While criminologists dispute how to aggregate data up to the county level, they’ve allegedly solved the issue of de-aggregating data to a microscopic geographic level. Indeed, down to the address! If so, let them prove it. Release their “algorithms” and their raw data to researchers so we can compare them against other data to see how accurate their results are.
Neighborhood Scout certainly charges enough for their results. Ten monthly reports will cost you $39, while 200 reports are $120. That’s quite a chunk of change for results that are likely far from reflecting the reality of crime in that neighborhood. And when selling a product that claims to have near-perfect data (“90% accuracy”!) to individuals and organizations who make decisions based on this data, they need to be correct.

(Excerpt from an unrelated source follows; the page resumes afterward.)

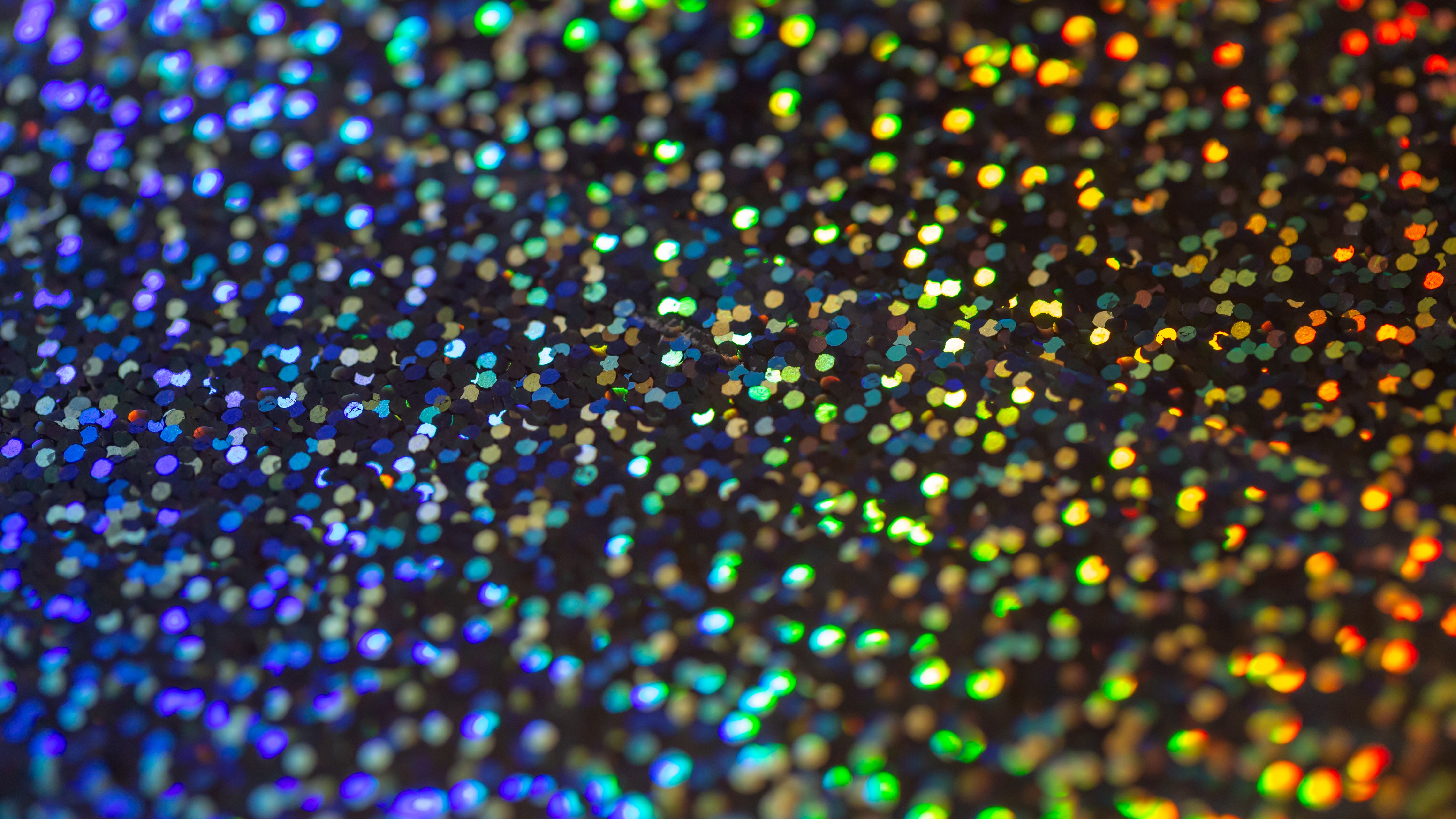 Rainbow Glitter Wallpaper 4K, Multicolor, Shiny, Abstract, #5930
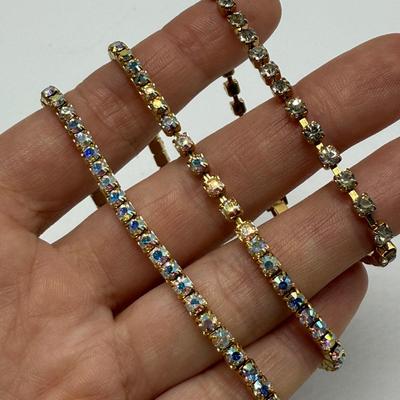 Gold and Silver Jewelry plus Sparkling Gems (ST-HS)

As I noted above, Neighborhood Scout is only one example of what these companies do. And is very consistent with how the companies that no longer use these data used to do. This is probably how many people ever see crime data - as wildly inaccurate representations of what crime looks like in their neighborhoods. Plenty of research shows that people do not understand crime trends, either in their communities or nationally (see here for one example). How much of this misperception about crime is due to getting their information from misleading sites like this? Probably quite a bit. How many people made a decision based on this likely wildly inaccurate data? Again, probably quite a few.
And that’s saying something.
Redfin is a large real estate brokerage company.
Some companies also use local crime data with the actual location of each crime, but for the most part, it is UCR data.